Fulbright Scholarship Awarded to Recent Purdue Political Science Ph.D.
Former Purdue Political Science graduate student Elis Vllasi was recently selected for a Fulbright award to conduct research on Russian influence in Kosovo.
Influencing democratic society
For six weeks in early 2020, Vllasi will conduct preliminary research with the Kosovar Centre for Security Studies (KCSS) on the ways Russia uses the Serbian minority in Kosovo to destabilize Kosovar society through anti-democracy campaigns. The research will also look at how Russians are able to influence the ethnic-majority Albanians without their knowing.
Vllasi’s project is called “External Powers in Kosovo: De-constructing Russian Influence.”

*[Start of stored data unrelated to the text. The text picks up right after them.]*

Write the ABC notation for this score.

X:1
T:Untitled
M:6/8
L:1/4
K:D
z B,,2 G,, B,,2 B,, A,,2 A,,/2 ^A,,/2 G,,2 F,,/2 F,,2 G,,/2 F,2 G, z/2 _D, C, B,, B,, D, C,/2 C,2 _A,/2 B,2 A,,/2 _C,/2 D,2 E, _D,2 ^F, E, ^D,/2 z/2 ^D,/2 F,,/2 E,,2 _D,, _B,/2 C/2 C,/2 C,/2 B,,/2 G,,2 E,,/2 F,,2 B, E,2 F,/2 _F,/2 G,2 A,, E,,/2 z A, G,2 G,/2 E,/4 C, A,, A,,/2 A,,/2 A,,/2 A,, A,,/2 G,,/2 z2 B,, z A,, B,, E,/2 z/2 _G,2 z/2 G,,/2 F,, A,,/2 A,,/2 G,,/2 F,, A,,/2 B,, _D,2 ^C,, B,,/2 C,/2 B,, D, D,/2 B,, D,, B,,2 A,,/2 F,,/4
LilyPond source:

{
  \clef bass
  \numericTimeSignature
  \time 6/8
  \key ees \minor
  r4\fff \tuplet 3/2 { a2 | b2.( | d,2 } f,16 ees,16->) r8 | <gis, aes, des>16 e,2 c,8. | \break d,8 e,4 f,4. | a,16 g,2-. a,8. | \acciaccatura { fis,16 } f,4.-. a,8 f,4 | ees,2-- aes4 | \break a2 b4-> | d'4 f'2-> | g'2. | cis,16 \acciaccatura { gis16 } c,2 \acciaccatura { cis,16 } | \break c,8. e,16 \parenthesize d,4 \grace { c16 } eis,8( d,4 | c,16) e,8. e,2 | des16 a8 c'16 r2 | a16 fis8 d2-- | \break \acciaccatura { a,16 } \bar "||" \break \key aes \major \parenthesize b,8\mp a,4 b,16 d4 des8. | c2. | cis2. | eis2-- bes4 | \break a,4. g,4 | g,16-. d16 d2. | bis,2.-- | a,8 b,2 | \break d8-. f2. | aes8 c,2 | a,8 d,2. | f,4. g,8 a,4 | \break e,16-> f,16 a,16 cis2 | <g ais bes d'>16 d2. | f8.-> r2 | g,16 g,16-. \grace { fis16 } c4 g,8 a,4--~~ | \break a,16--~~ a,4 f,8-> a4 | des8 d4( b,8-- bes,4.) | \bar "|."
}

During his time in Kosovo, Vllasi and his collaborators at KCSS will conduct interviews and focus groups with Albanians and Serbs, as well as analysis of posts and articles on Facebook, Twitter, and local news websites to determine the paths through which Russia has managed to extend their influence in Kosovo.
Graduate research leads the way to Fulbright award
As a graduate student, Vllasi’s dissertation examined why some efforts at external democratization fail. He argues that success frequently hinges on the efforts of ethno-nationalist motherlands to support or sabotage democratization efforts in countries with whom they share transnational ethnic kin. Russia, for example, uses ethnic Russians in the neighboring countries — say, ethnic Russians living in Ukraine — to thwart Western democratization efforts in that target country.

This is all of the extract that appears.